Collection entries ▸
= = =

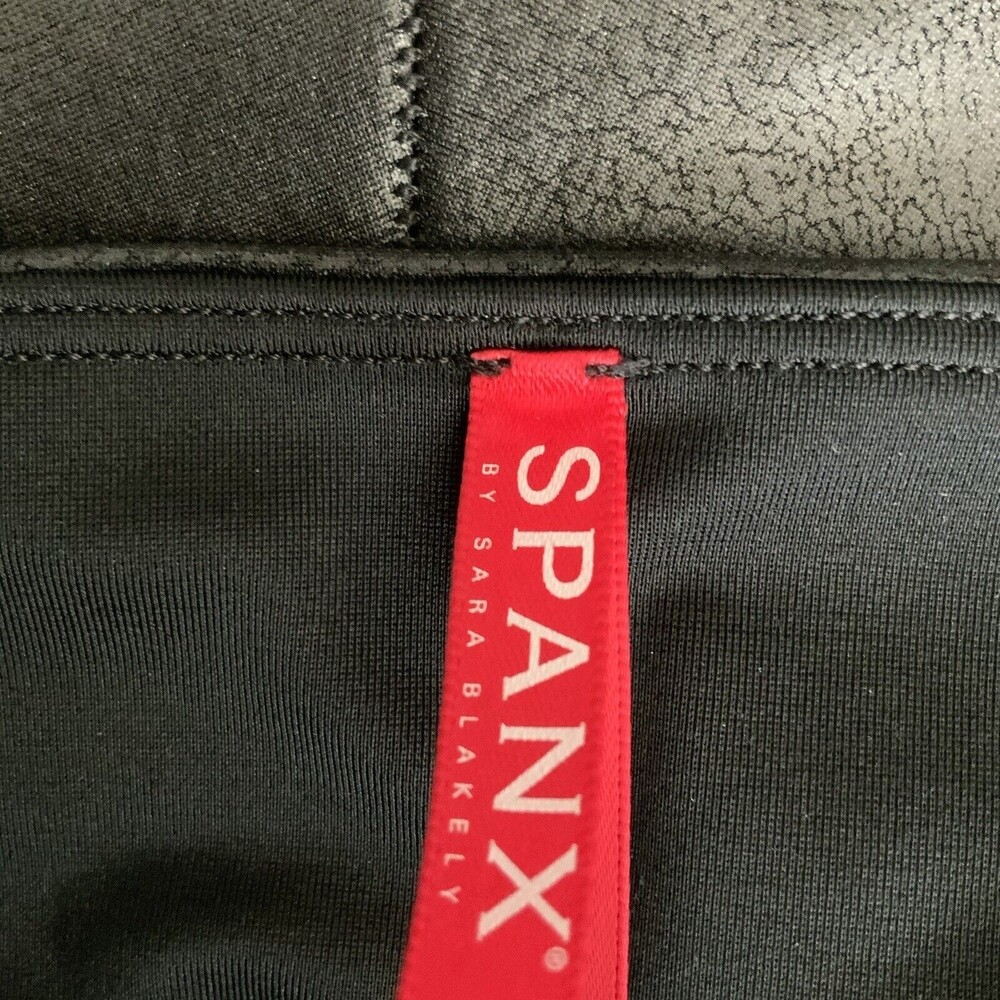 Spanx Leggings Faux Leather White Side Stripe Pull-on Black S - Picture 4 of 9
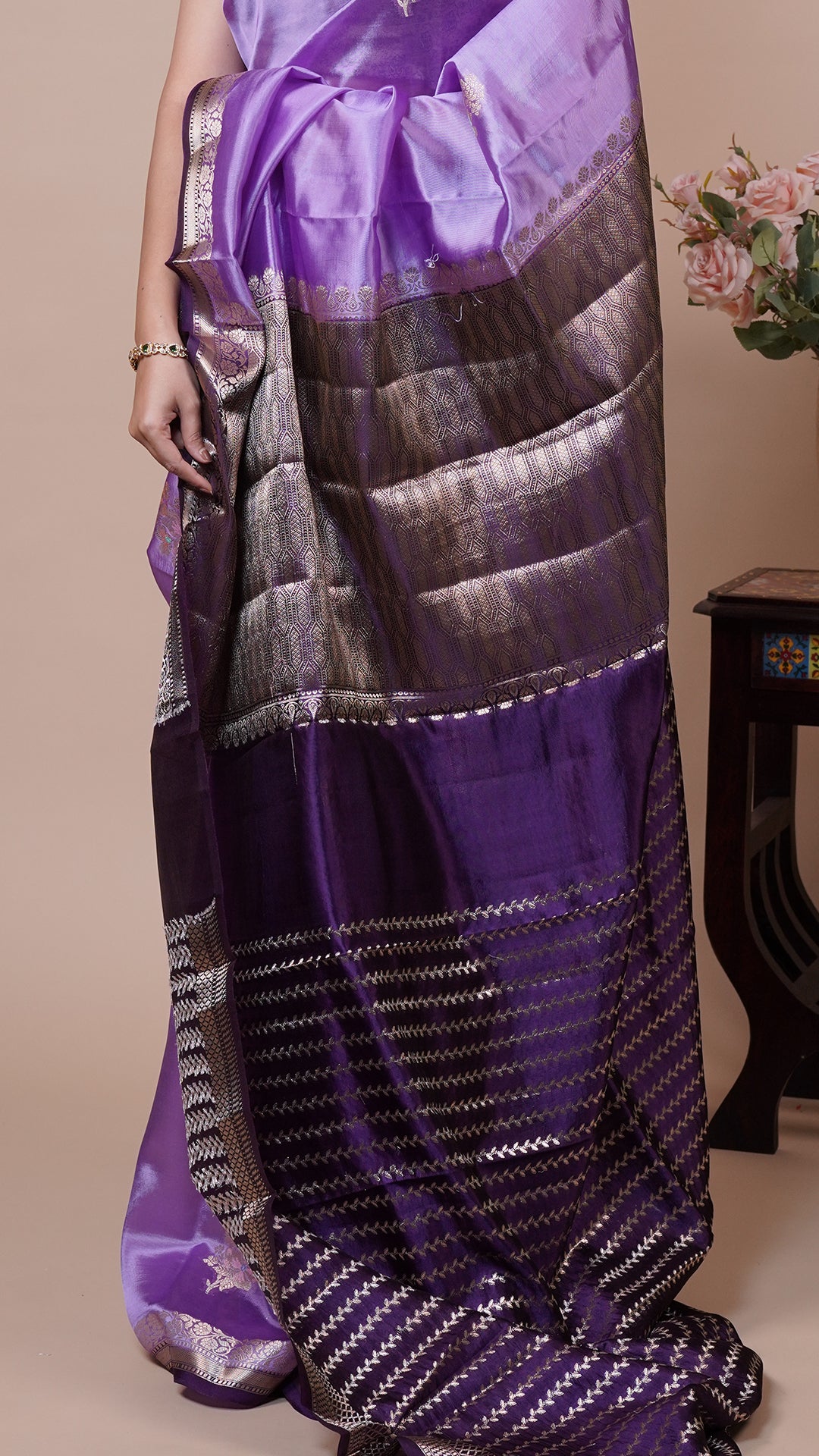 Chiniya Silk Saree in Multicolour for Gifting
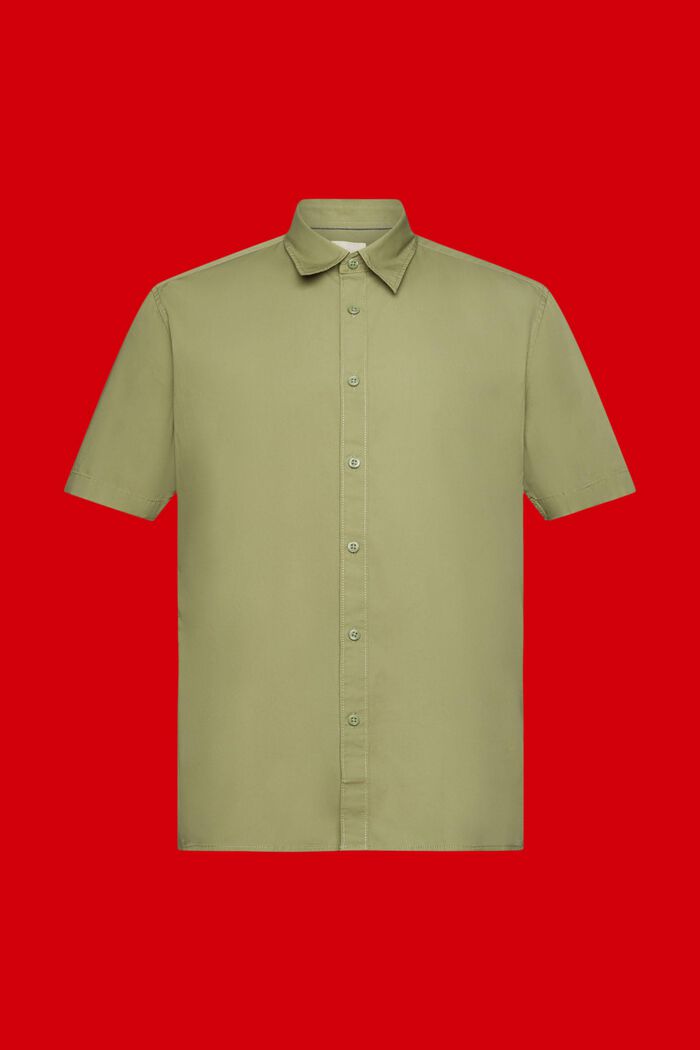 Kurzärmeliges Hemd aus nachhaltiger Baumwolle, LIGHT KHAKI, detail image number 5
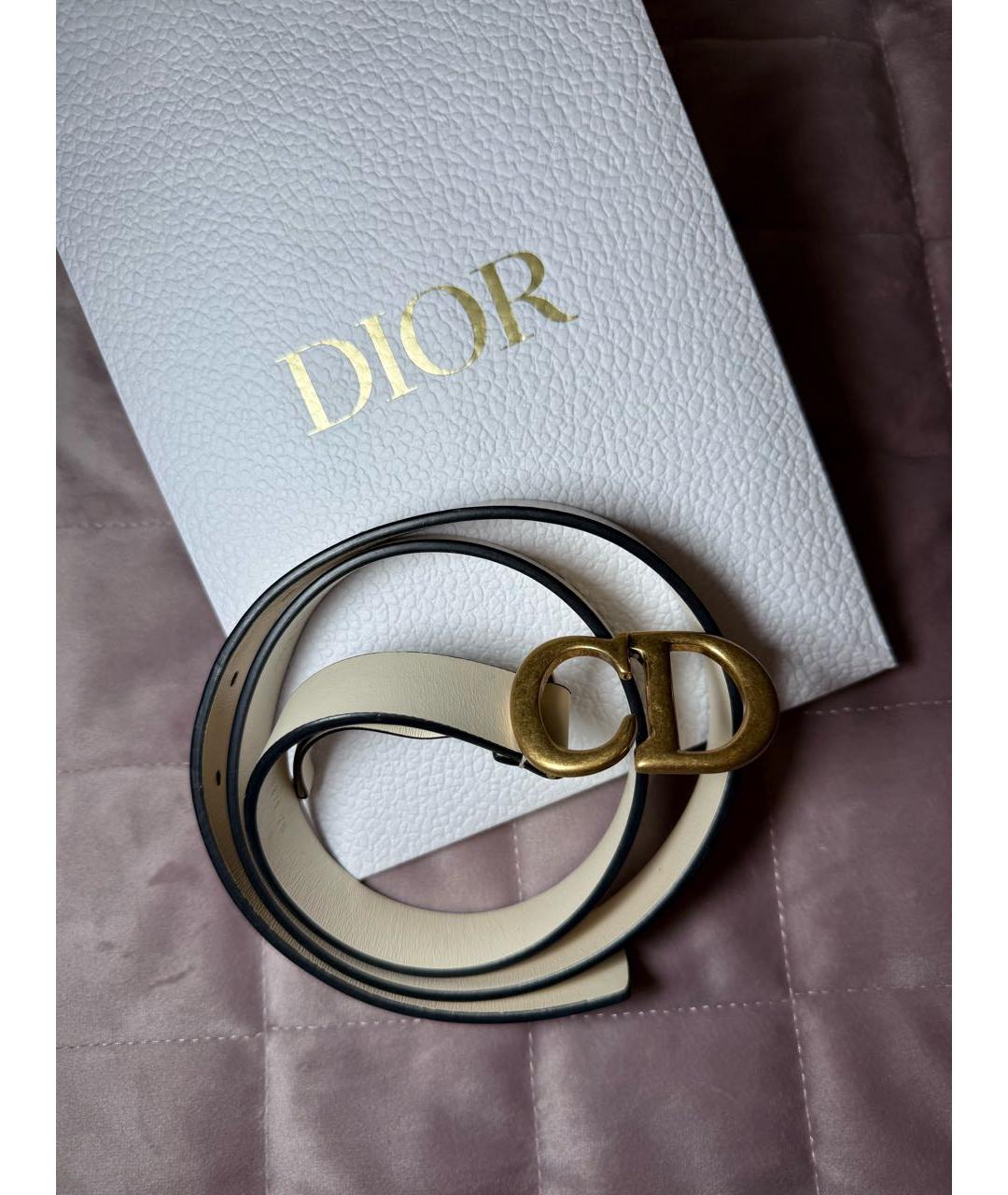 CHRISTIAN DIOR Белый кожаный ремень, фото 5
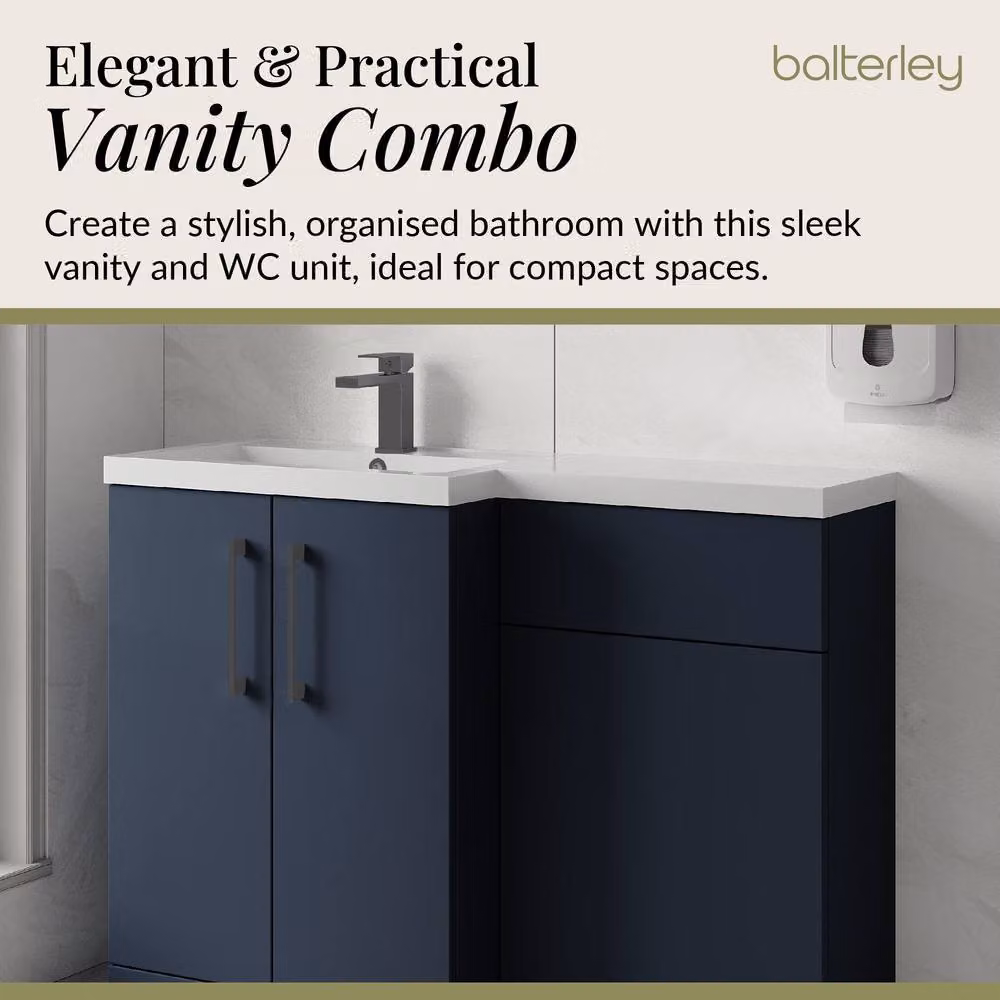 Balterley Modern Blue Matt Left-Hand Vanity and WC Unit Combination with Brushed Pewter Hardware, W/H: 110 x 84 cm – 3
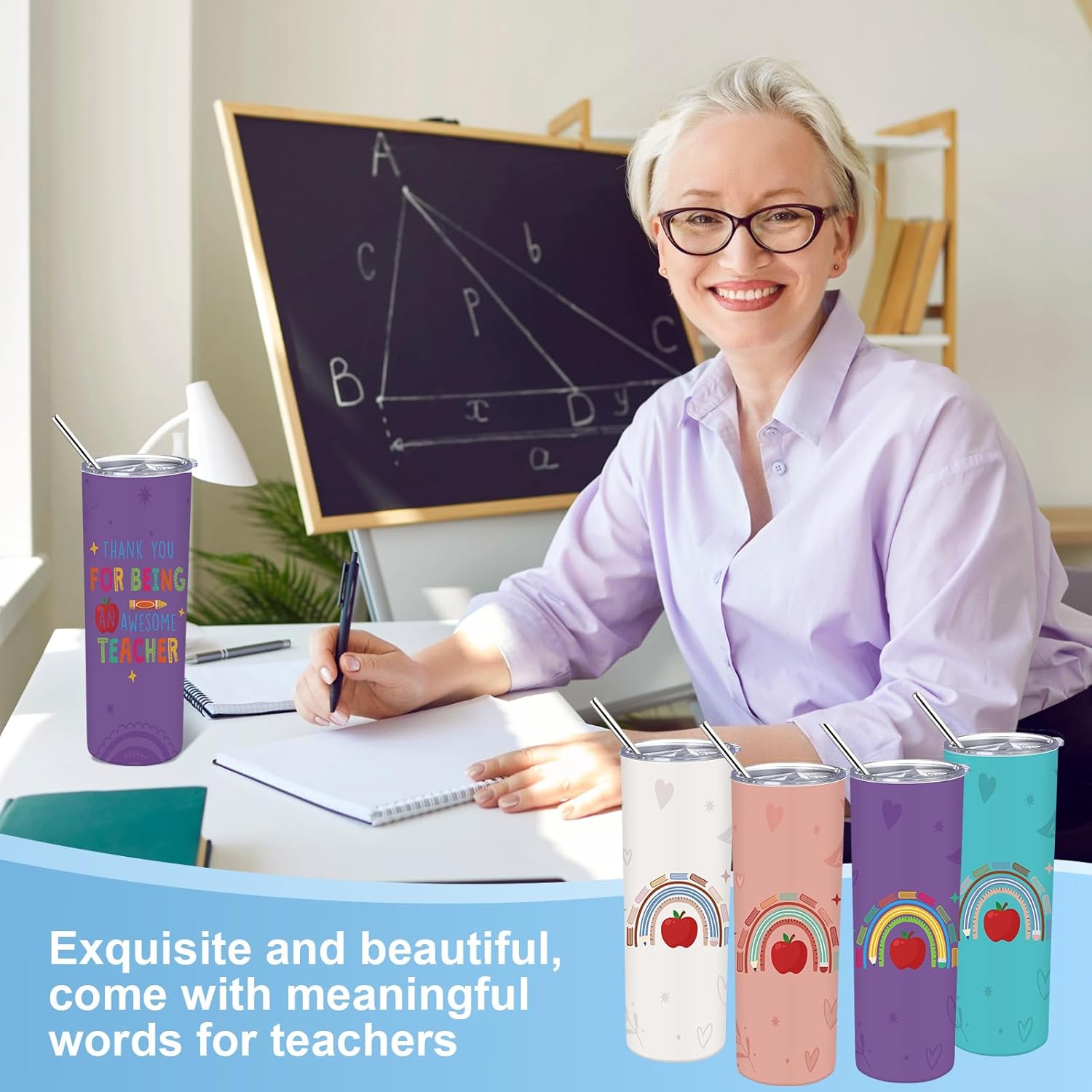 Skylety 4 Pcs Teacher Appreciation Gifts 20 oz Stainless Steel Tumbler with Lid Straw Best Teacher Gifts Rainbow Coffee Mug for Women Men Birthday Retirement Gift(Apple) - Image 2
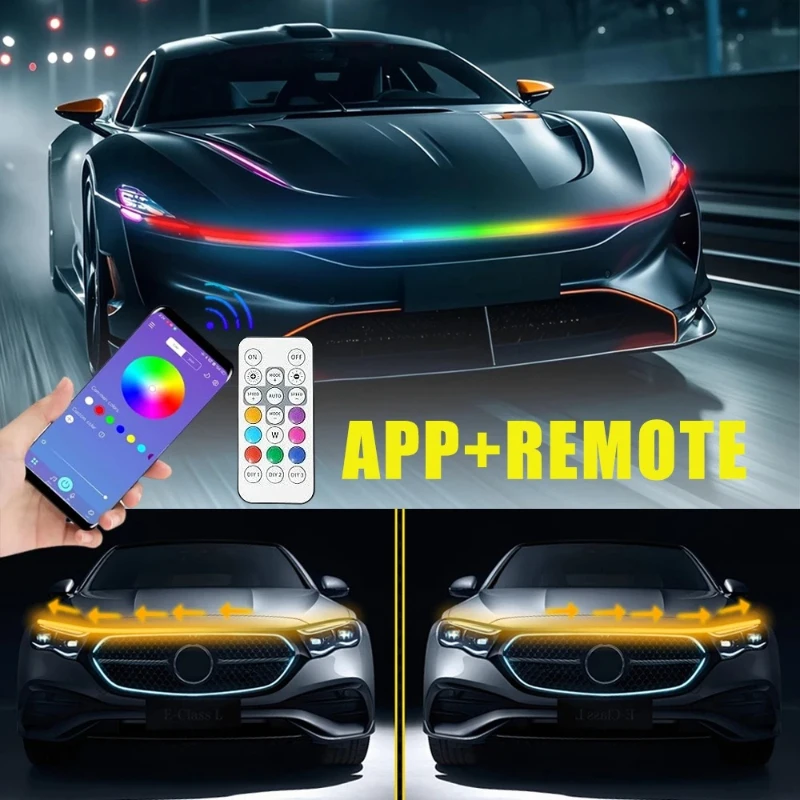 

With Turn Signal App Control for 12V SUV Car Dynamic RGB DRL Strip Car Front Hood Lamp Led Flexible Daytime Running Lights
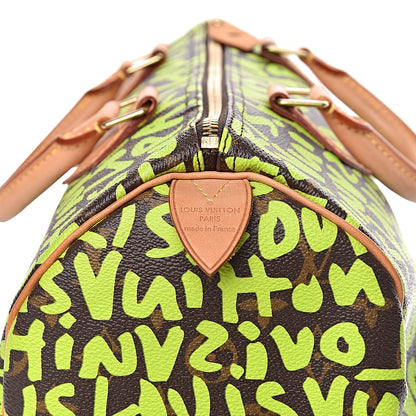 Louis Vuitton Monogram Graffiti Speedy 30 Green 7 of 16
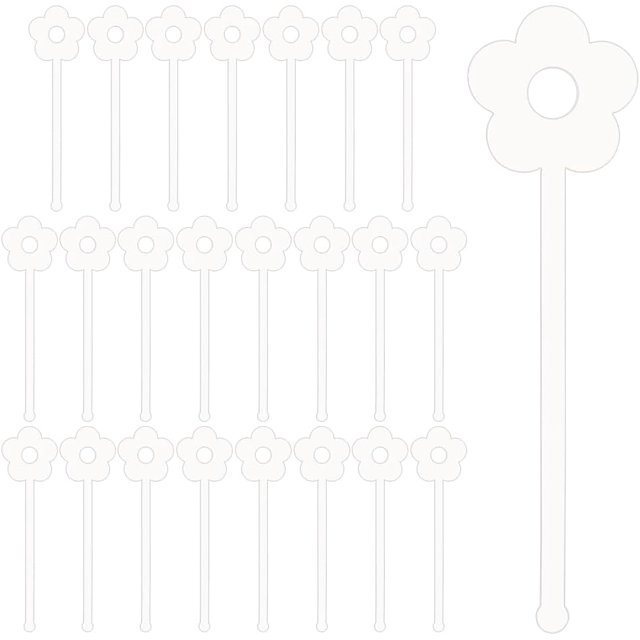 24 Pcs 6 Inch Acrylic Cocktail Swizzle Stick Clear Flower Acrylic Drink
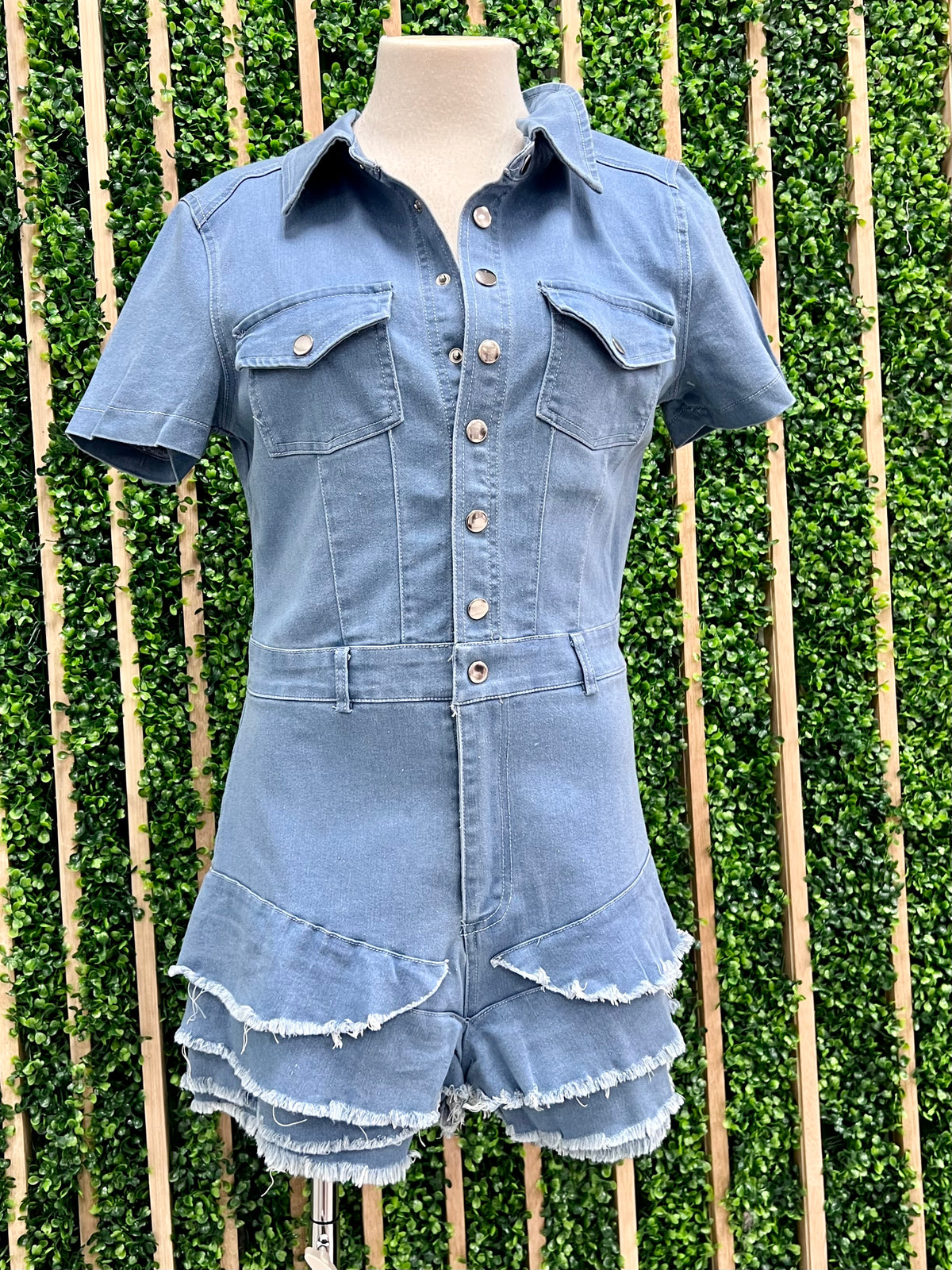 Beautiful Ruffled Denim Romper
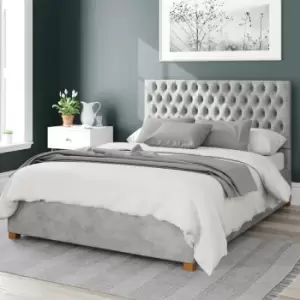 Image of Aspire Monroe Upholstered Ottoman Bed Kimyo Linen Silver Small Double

= = =

Exclude the images and copy every record above exactly.

Solution for this task ▸
 Spanx Leggings Faux Leather White Side Stripe Pull-on Black S - Picture 4 of 9
 Chiniya Silk Saree in Multicolour for Gifting
 Kurzärmeliges Hemd aus nachhaltiger Baumwolle, LIGHT KHAKI, detail image number 5
 CHRISTIAN DIOR Белый кожаный ремень, фото 5
 Balterley Modern Blue Matt Left-Hand Vanity and WC Unit Combination with Brushed Pewter Hardware, W/H: 110 x 84 cm – 3
 Skylety 4 Pcs Teacher Appreciation Gifts 20 oz Stainless Steel Tumbler with Lid Straw Best Teacher Gifts Rainbow Coffee Mug for Women Men Birthday Retirement Gift(Apple) - Image 2

With Turn Signal App Control for 12V SUV Car Dynamic RGB DRL Strip Car Front Hood Lamp Led Flexible Daytime Running Lights
 Louis Vuitton Monogram Graffiti Speedy 30 Green 7 of 16
 24 Pcs 6 Inch Acrylic Cocktail Swizzle Stick Clear Flower Acrylic Drink
 Beautiful Ruffled Denim Romper
 Image of Aspire Monroe Upholstered Ottoman Bed Kimyo Linen Silver Small Double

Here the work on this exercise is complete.